I snuck in one of Dràm Mòr’s Spring Releases in this earlier post, but now it’s finally time to review four other whiskies from the same outturn, including an Aberfeldy 2015, Benrinnes 2013, Tomintoul 2010 and Tamdhu 2016.
It’s not the most timely post, which I’ve been guilty of before. So much whisky to review, so little time! The Summer Release from Dràm Mòr just hit the shelves, and I’m still stuck in the past. Then again, many of these spring whiskies are still available, so I suppose my reviews aren’t without value. (Assuming you trust that I know what I’m talking about, which I’m not always even sure I do.)
As is often the case with whiskies from Dràm Mòr, all of the ones I’m reviewing today have been finished.
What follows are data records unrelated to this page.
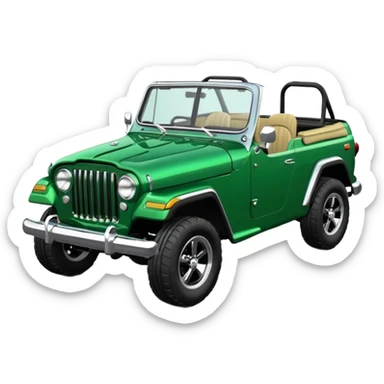 jeepster commando without top with straight flat bonnet sticker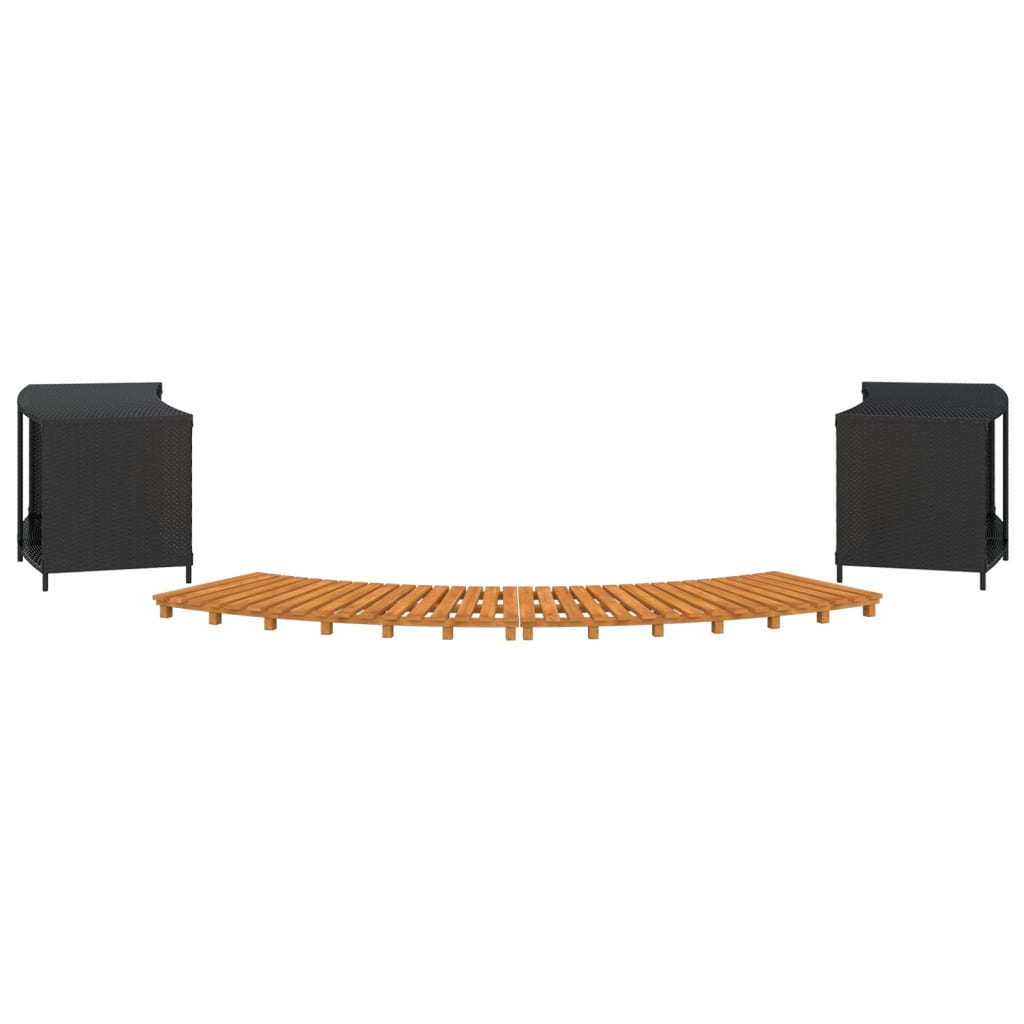 Hot Tub Surround Black Poly Rattan and Solid Wood Acacia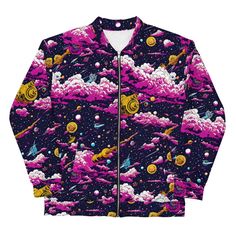 Add a little zing to your wardrobe with this vibrant All-Over Print Bomber Jacket. Wear it on a basic t-shirt, or layer it on top of a warm hoodie--it'll look great either way. With a brushed fleece inside, and a relaxed unisex fit, this Bomber Jacket is just the stuff of the dreams, so be quick to grab yourself one! * 100% polyester * Fabric weight: 6.49 oz/yd² (220 g/m weight may vary by 5% * Brushed fleece fabric inside * Unisex fit * Overlock seams * Sturdy neck tape * Silver YKK zipper * 2 All Over Print Long Sleeve Streetwear Outerwear, Cotton Outerwear With All Over Print For Fall, Casual Pink Outerwear With Graphic Print, Pink Cotton Urban Outerwear, Urban Style Pink Cotton Outerwear, Trendy Graphic Print Track Jacket For Winter, Trendy Winter Track Jacket With Graphic Print, Winter Cotton Track Jacket With Graphic Print, Winter Streetwear Outerwear With All Over Print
The Aberfeldy spent most of its years in a second-refill bourbon cask, but was finished in a first-fill bourbon cask from Buffalo Trace for 9 months. According to founder Kenny Macdonald it needed this “little lift.”
Then there’s the Benrinnes, which spent an additional maturation period in a refill Palo Cortado sherry cask. Finally, the Tomintoul and Tamdhu were finished in first-fill Pedro Ximénez casks. However, it seems the Tomintoul finish was much shorter than the Tamdhu one.
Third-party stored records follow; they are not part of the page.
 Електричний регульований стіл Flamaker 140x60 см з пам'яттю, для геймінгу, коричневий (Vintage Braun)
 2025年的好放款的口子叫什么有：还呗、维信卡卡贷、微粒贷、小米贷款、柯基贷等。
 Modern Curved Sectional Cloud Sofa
Aberfeldy ‘Pitilie’ 2015 9 Years (54.8%, Dràm Mòr, C#247)
Nose: Hints of fresh butter, but mostly just a creamy vanilla attack. Toffee, custard, meringues, yellow cake. It’s all there. Also whiffs of honey and peach, but then some touches of pepper, nutmeg and cloves.
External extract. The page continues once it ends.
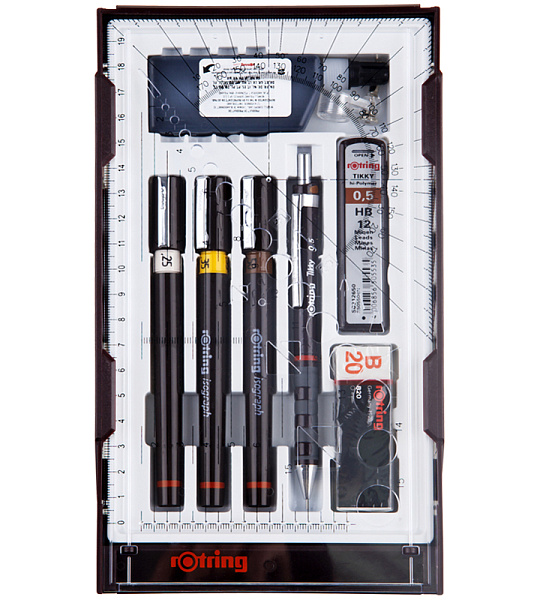 Набор изографов Rotring 0,25/0,35/0,5мм, мех. карандаш 0,5мм, грифели, ластик, насадка для циркуля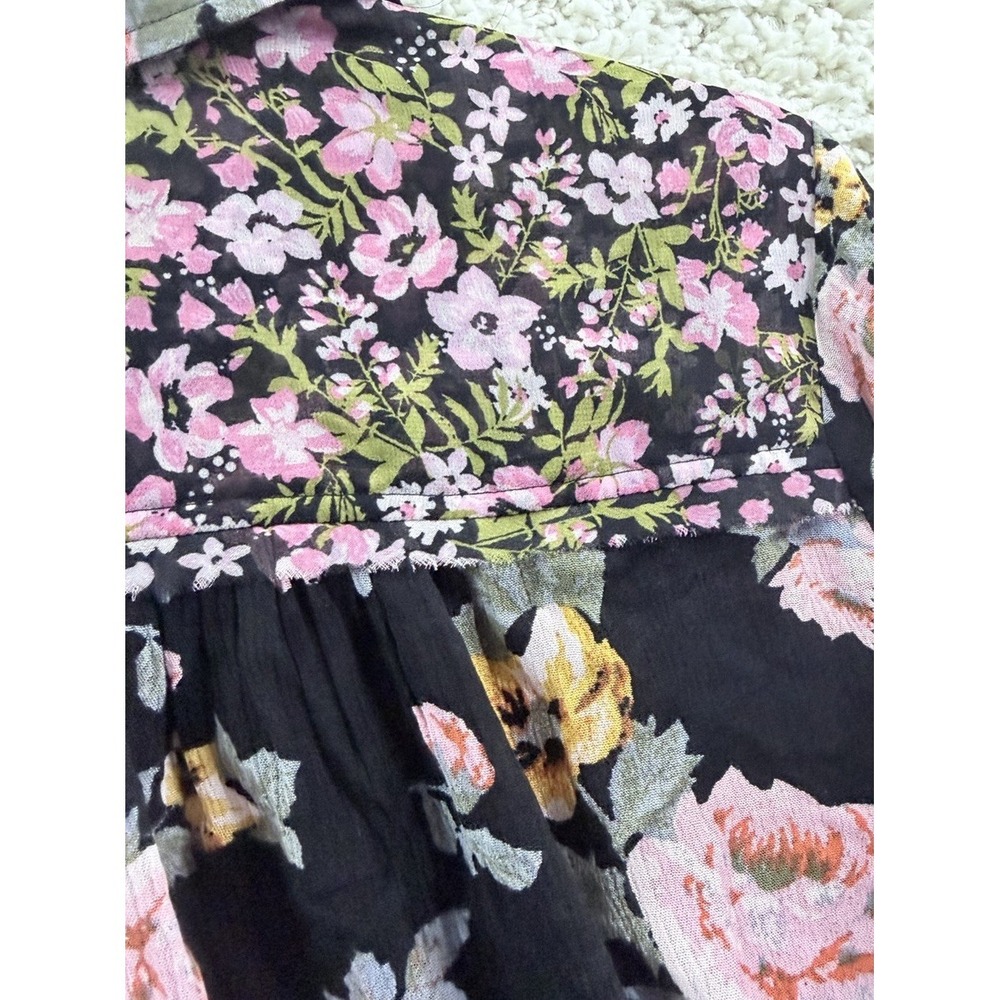 Free People Hold On To Me Black Floral Print Blouse Medium Oversized Top - Picture 12 of 16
Taste: Very creamy. Caramel, butterscotch and vanilla notes, but slightly fruitier than I expected. Lots of (candied) banana – maybe even some citrus-y elements. Also powdered sugar and a pinch of white pepper.
Finish: Medium length. Hints of marshmallow, candy floss and dried grass.
Benrinnes 2013 10 Years (54.3%, Dràm Mòr, C#9006063)
Nose: First impression is of caramel-glazed apples, plenty of toffee and just a tinge of ripe berries. There’s a whisper of miso paste too, as well hazelnuts, orange zest and a sniff of tobacco.
Taste: Proper creamy mouthfeel. Notes of caramel, sweet pastry and fudge are prominent, but also bitter orange peel, some gentle spices and a whisper of strawberries. Finally a sliver of char and some fruity hops.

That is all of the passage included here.